The supposed fact that Heliocentrism can be explained without God or lightnings without demons dashing through the storm does not prove those explanations correct or if partly correct (for the latter), does not prove them complete.

The historic premise behind "God of the gaps" charge is "we now know better than to believe spirits throw lightnings or God turns the heavens around us" ... but in fact we don't.

If you wanted to see a car produced, you might visit the factory, and you would probably find a real Mr. Ford (or successor) in control over actions taken there.

The universe is so to speak God's factory, where He produces angelic beings in the heavens, and uses earth as a crucible for trees, furry animals, and this hybrid being between matter and spirit called "man" ... it makes sense if God does not intend us to run the Sun, and it makes sense if, this being so, God is more hands on with the Sun than with fossil fuels.

8:22 Riccioli differed from Kepler.

Riccioli thought the processes one could colloquially term "celestial mechanics" are unknowable by observation (or calculations from such), but knowable through theological deduction, i e he opted for angelic movers.

CSL famously had a nostalgia for the Medieval world view in which these exist and also work that way.

This explanation has never been disproven, never even proven superfluous (Laplace offered very little in minute calculations of stability of the solar system, and Chinese who have caught up consider "it's dependent on initial conditions and possible several different ways" ... in the sense of many possibilities leading to the dissolution of the solar system). The angelic movers, and even their necessity have never been disproven.

10:11 As a Mathematician, he may be aware of the impossibilities in evolving a new cell type or a new functional gene.

A process never observed, by the way.

10:56 While his arguments don't depend on Evolution being wrong, it is.

Imagine a certain cell type depended on a very short protein with only TWO amino acids. Each is coded by three base pairs. The two amino acids came to be what they were because one locus changed, changed for instance tryptamid** to whatever one locus change can change tryptamine** to.

In that case, one could imagine the other protein happened to be already expressable, and one fluke change took from tryptamine to the right protein.

Now imagine the gene actually depended on THREE amino acids, nine loci. A bit less probable that one mutation made it.

A bit less probable still, when we come to FOUR amino acids.

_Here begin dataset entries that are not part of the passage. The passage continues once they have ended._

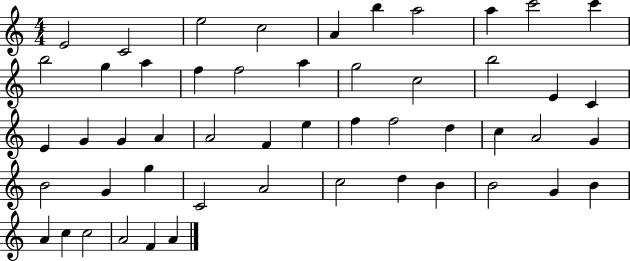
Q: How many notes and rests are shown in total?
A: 51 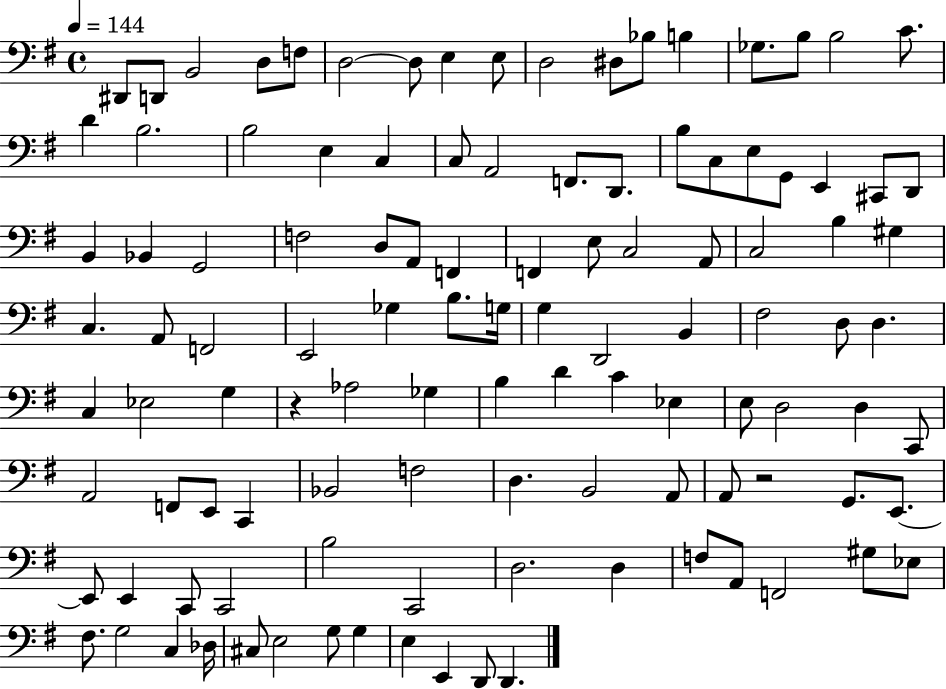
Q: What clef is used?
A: bass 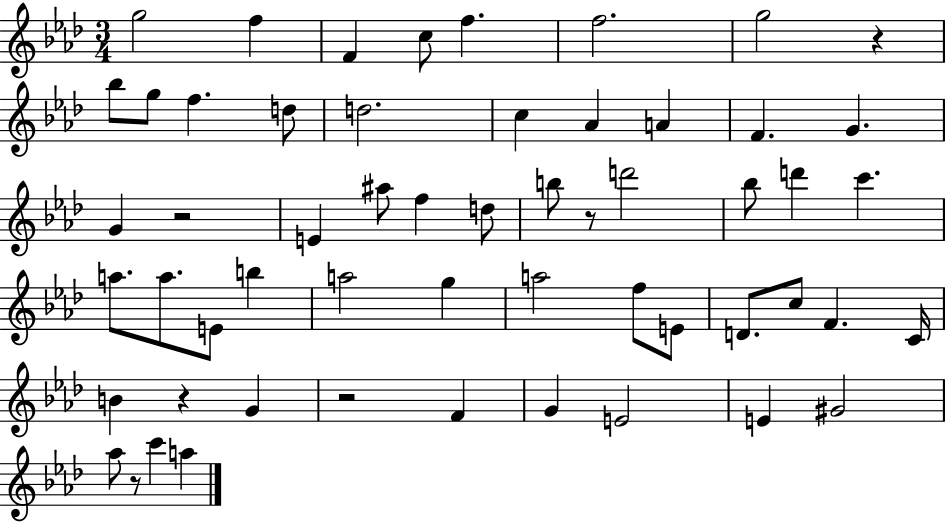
G5/h F5/q F4/q C5/e F5/q. F5/h. G5/h R/q Bb5/e G5/e F5/q. D5/e D5/h. C5/q Ab4/q A4/q F4/q. G4/q. G4/q R/h E4/q A#5/e F5/q D5/e B5/e R/e D6/h Bb5/e D6/q C6/q. A5/e. A5/e. E4/e B5/q A5/h G5/q A5/h F5/e E4/e D4/e. C5/e F4/q. C4/s B4/q R/q G4/q R/h F4/q G4/q E4/h E4/q G#4/h Ab5/e R/e C6/q A5/q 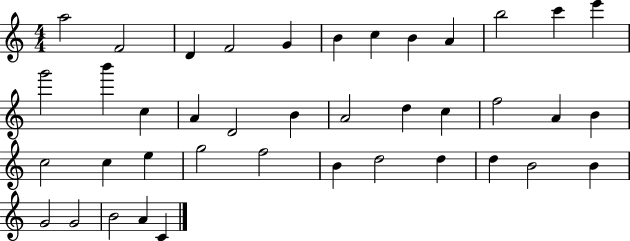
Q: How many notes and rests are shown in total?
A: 40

Proteins are often hundreds of amino acids long and on top of that, one cell type may depend on more than one gene.

In fact, blind ciclids from a cave in Mexico have retinas that nearly completely develop, there are ten genes involved in gestation, to make rods and staffs work, two of the genes are damaged, and the whole ceases to work, while draining energy (the retina development still goes on, still requires blood flow, the retinas require blood flow etc).

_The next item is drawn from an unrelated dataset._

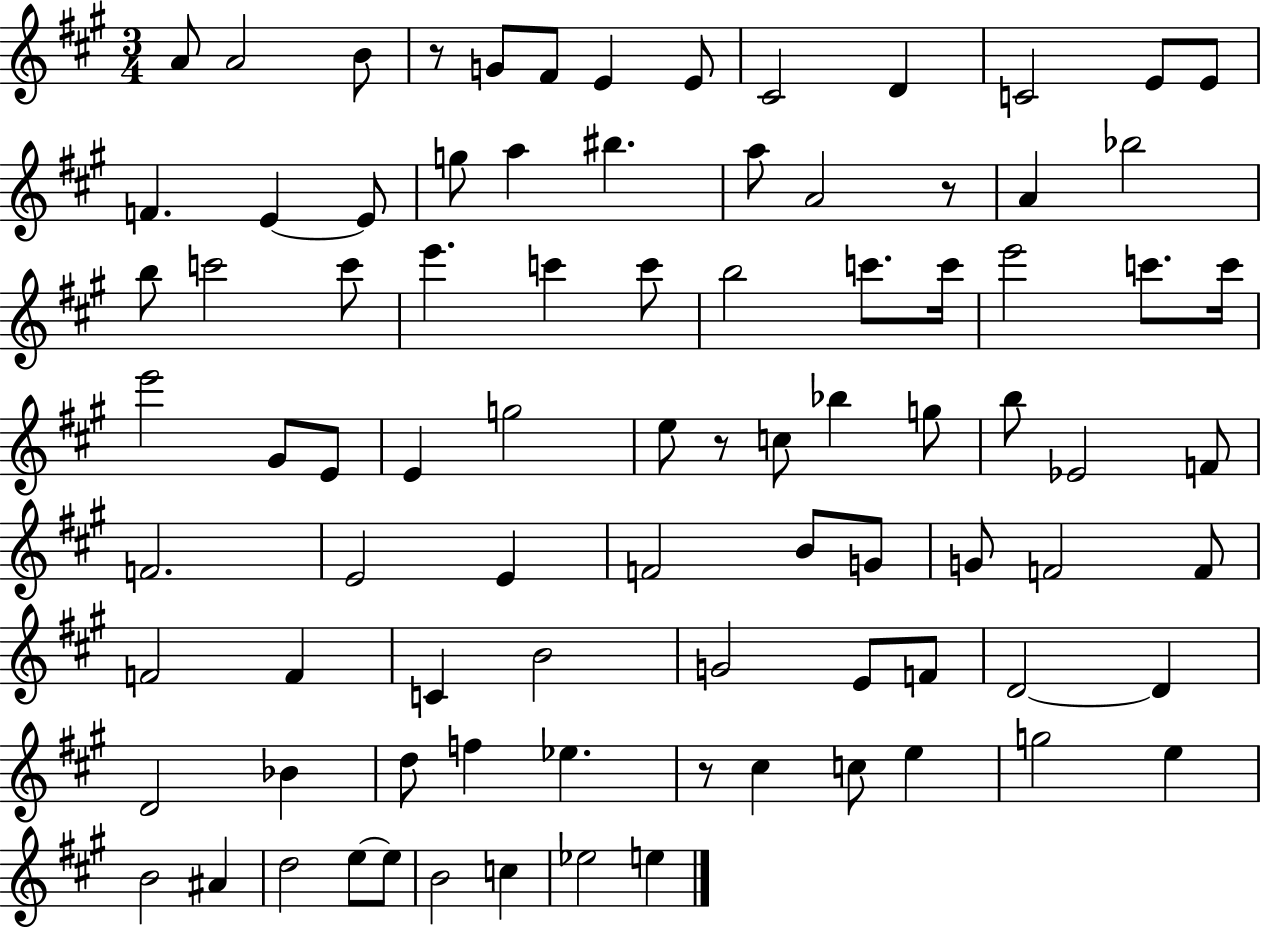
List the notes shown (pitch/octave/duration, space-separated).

A4/e A4/h B4/e R/e G4/e F#4/e E4/q E4/e C#4/h D4/q C4/h E4/e E4/e F4/q. E4/q E4/e G5/e A5/q BIS5/q. A5/e A4/h R/e A4/q Bb5/h B5/e C6/h C6/e E6/q. C6/q C6/e B5/h C6/e. C6/s E6/h C6/e. C6/s E6/h G#4/e E4/e E4/q G5/h E5/e R/e C5/e Bb5/q G5/e B5/e Eb4/h F4/e F4/h. E4/h E4/q F4/h B4/e G4/e G4/e F4/h F4/e F4/h F4/q C4/q B4/h G4/h E4/e F4/e D4/h D4/q D4/h Bb4/q D5/e F5/q Eb5/q. R/e C#5/q C5/e E5/q G5/h E5/q B4/h A#4/q D5/h E5/e E5/e B4/h C5/q Eb5/h E5/q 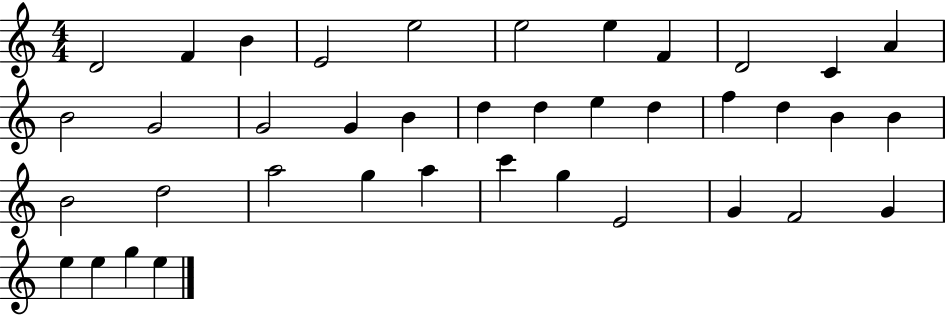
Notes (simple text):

D4/h F4/q B4/q E4/h E5/h E5/h E5/q F4/q D4/h C4/q A4/q B4/h G4/h G4/h G4/q B4/q D5/q D5/q E5/q D5/q F5/q D5/q B4/q B4/q B4/h D5/h A5/h G5/q A5/q C6/q G5/q E4/h G4/q F4/h G4/q E5/q E5/q G5/q E5/q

You would need hundreds of mutations coming in the right order, before the last one brought about a state of affairs which natural selection could favour. All previous steps, it would have disfavoured, since they would drain energy without providing benefit.

* If you want to know my trick or why I am so sure, the book title "Perihermeneias" brought me on the track. It's really "peri hermeneias," and "hermeneias" is genitive of "hermeneia" ... similarily, it could well be "peri sophismatoon" without any article ...

** While tryptamine is the correct form, I was probably thinking of Tryptophan.